## Task instructions
Please, without any pictures, set down exactly the part of the listing below that opens with the line containing "a bedroom with a bed and a table in it" and closes with the line containing "Yellow water bottle".

## Dataset records
_ _ _
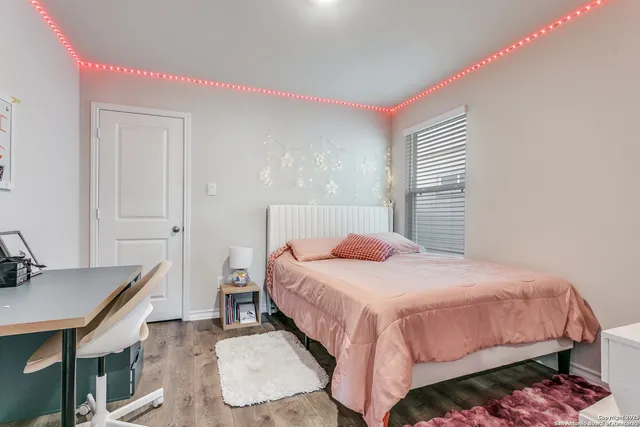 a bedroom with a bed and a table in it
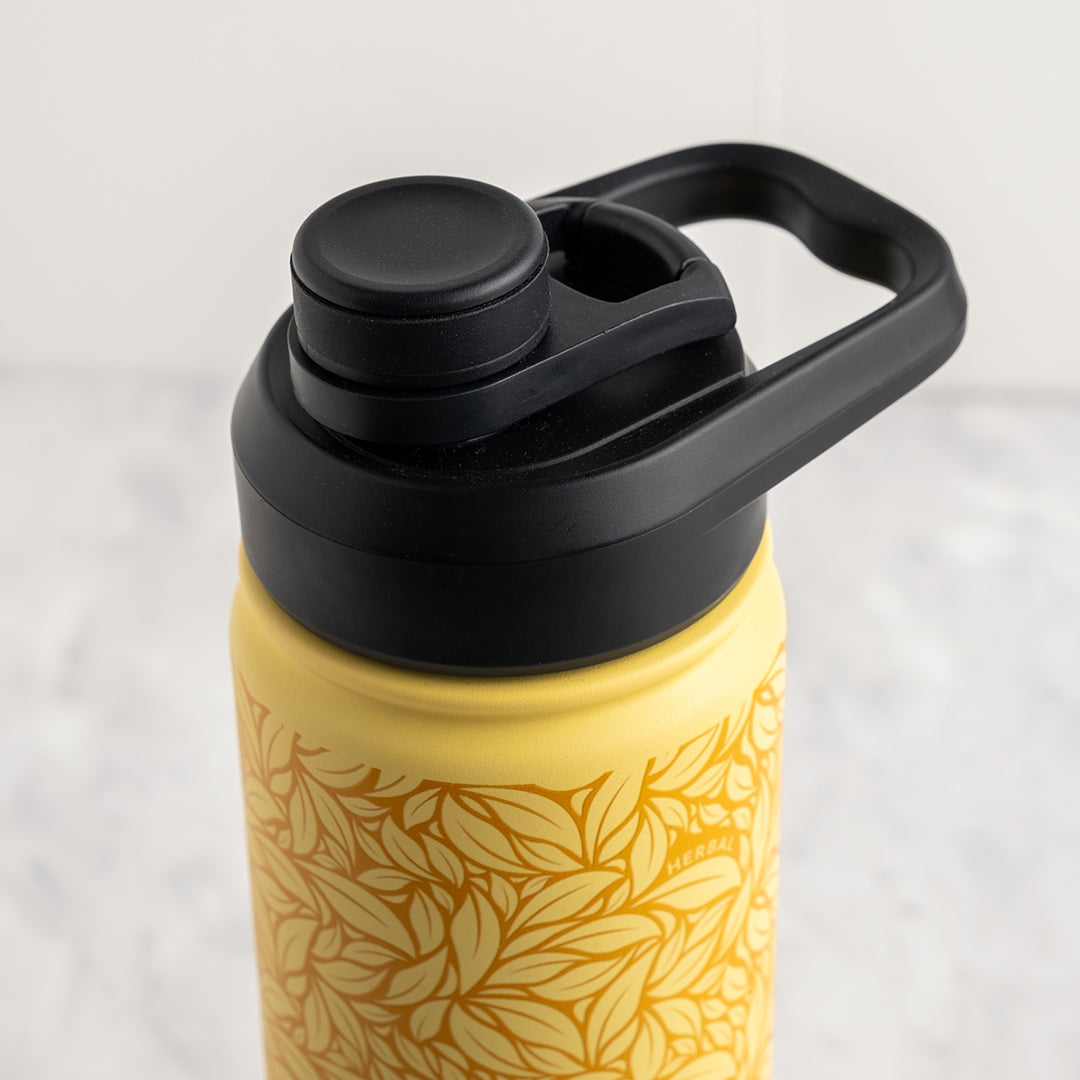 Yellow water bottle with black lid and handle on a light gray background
_ _ _
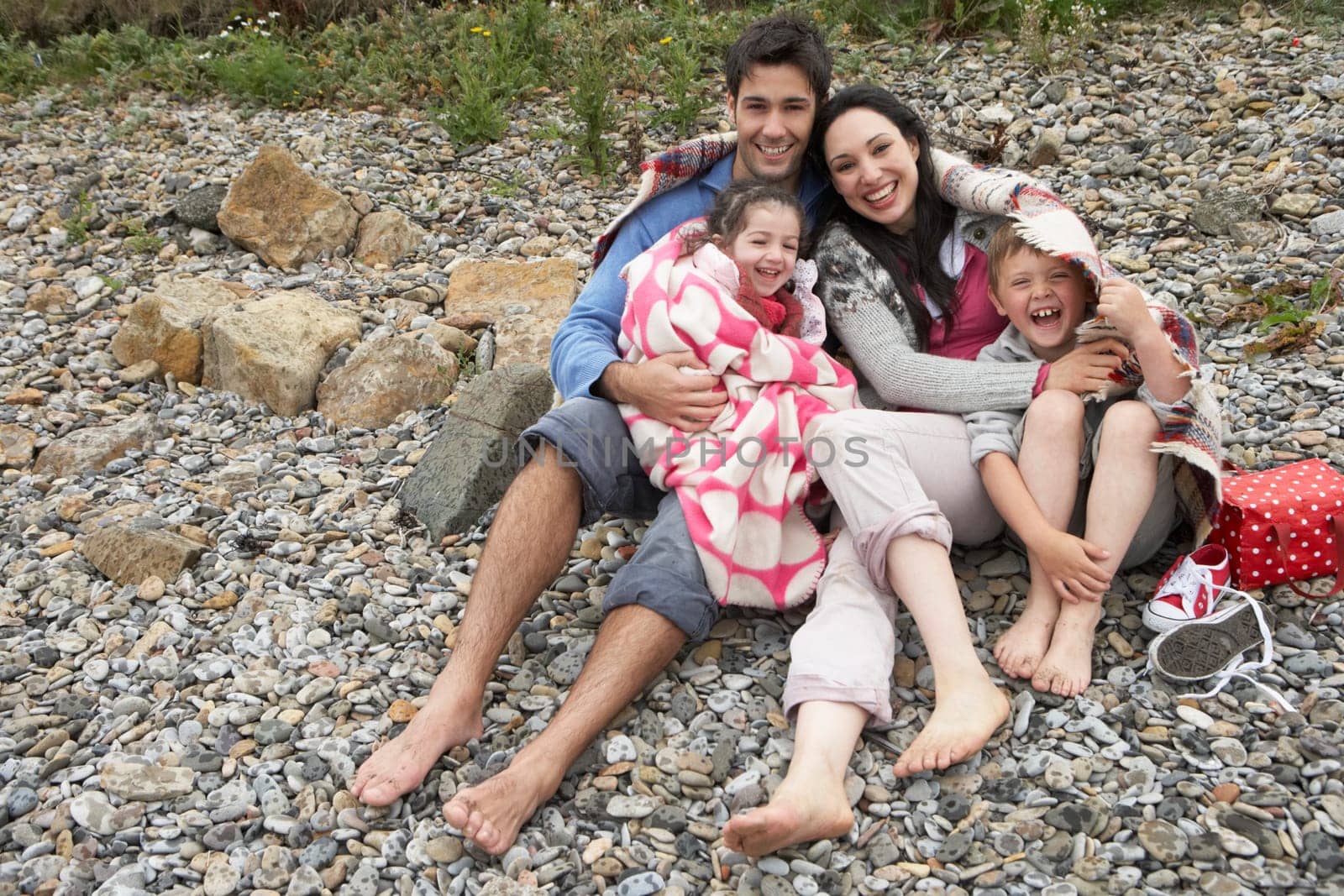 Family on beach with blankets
_ _ _
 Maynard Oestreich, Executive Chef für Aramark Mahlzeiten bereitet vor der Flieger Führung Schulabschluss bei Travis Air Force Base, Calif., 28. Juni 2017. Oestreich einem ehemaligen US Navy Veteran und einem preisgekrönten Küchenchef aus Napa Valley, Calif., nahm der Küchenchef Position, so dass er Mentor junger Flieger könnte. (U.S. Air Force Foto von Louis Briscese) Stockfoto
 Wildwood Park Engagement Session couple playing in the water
_ _ _
## Answer space
 a bedroom with a bed and a table in it
 Yellow water bottle with black lid and handle on a light gray background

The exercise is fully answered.